Before we can use a clustering algorithm to segment an image, we must compute some feature vectore for each pixel. The feature vector for each pixel should encode the qualities that we care about in a good segmentation. More concretely, for a pair of pixels $p_i$ and $p_j$ with corresponding feature vectors $f_i$ and $f_j$, the distance between $f_i$ and $f_j$ should be small if we believe that $p_i$ and $p_j$ should be placed in the same segment and large otherwise.

上一步的聚类算法实现其实是流程的第二步，第一步其实是特征的提取，有了特征才能进行像素（或者说样本）的聚类。只不过第一步中，拿了点的位置作为特征来进行聚类了。

# Load and display image
img = io.imread('train.jpg')
H, W, C = img.shape

plt.imshow(img)
plt.axis('off')
plt.show()

2.1 Color Features (15 points)

One of the simplest possible feature vectors for a pixel is simply the vector of colors for that pixel. Implement color_features in segmentation.py. Output should look like the following:

在color_features实现简单的颜色特征的聚类。

from segmentation import color_features
np.random.seed(0)

features = color_features(img)

# Sanity checks
assert features.shape == (H * W, C),\
    "Incorrect shape! Check your implementation."

assert features.dtype == np.float,\
    "dtype of color_features should be float."

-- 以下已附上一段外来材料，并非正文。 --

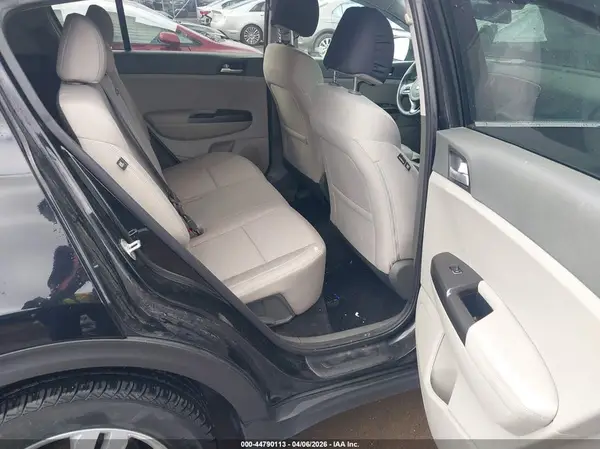 KNDPM3AC9J7383281 2018 KIA SPORTAGE - Image 8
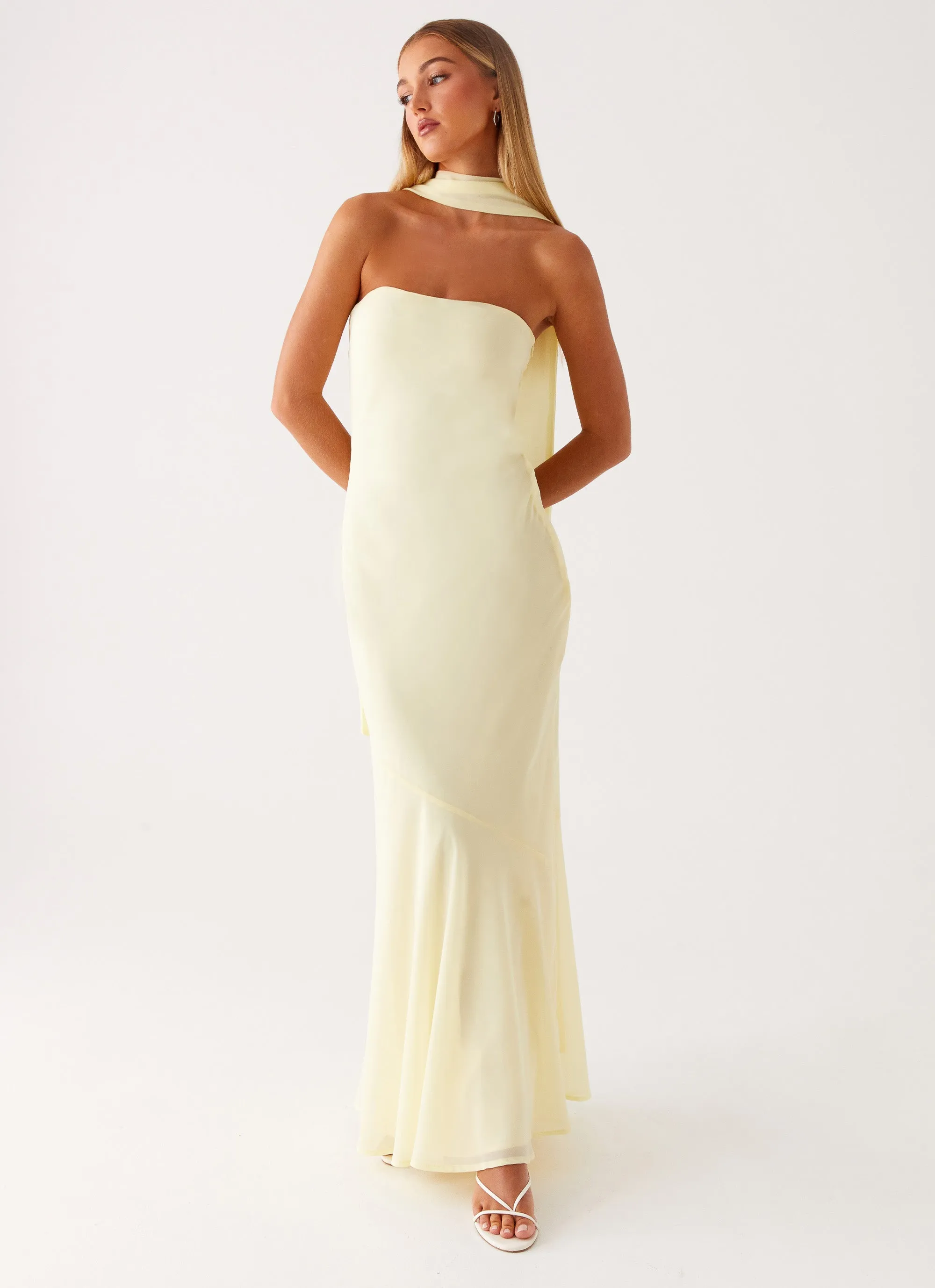 Under The Pagoda Maxi Dress - Yellow Trend Appeal Easy to Wear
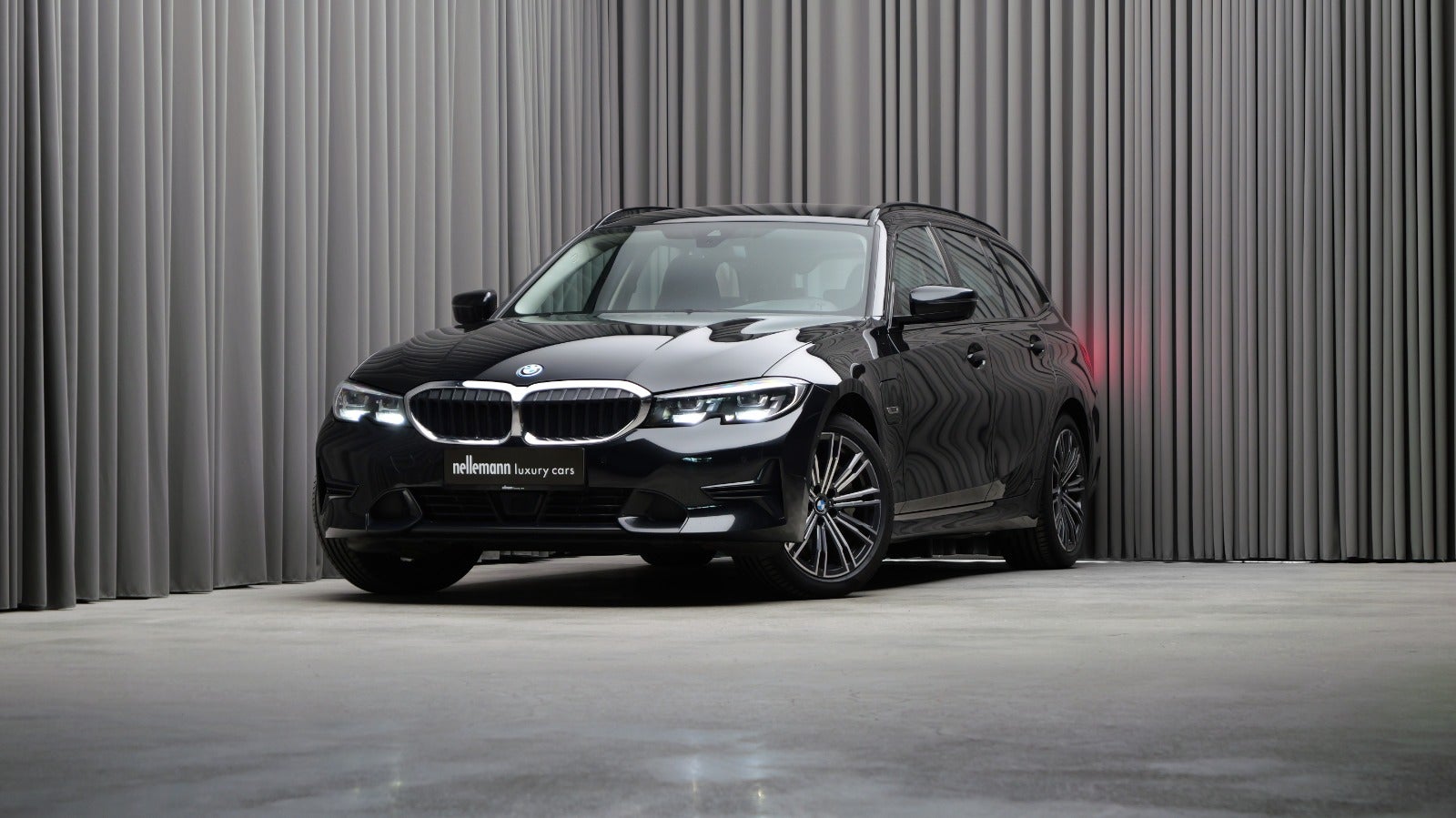 BMW 330e Touring Sport Line aut.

assignments = kmeans_fast(features, 8)
segments = assignments.reshape((H, W))

# Display segmentation
plt.imshow(segments, cmap='viridis')
plt.axis('off')
plt.show()

In the cell below, we visualize each segment as the mean color of pixels in the segment.

将聚类结果用颜色进行显示（颜色是指源图各个分割区域内的颜色均值）

from utils import visualize_mean_color_image
visualize_mean_color_image(img, segments)

2.2 Color and Position Features (15 points)

Another simple feature vector for a pixel is to concatenate its color and position within the image. In other words, for a pixel of color $(r, g, b)$ located at position $(x, y)$ in the image, its feature vector would be $(r, g, b, x, y)$. However, the color and position features may have drastically different ranges; for example each color channel of an image may be in the range $[0, 1)$, while the position of each pixel may have a much wider range. Uneven scaling between different features in the feature vector may cause clustering algorithms to behave poorly.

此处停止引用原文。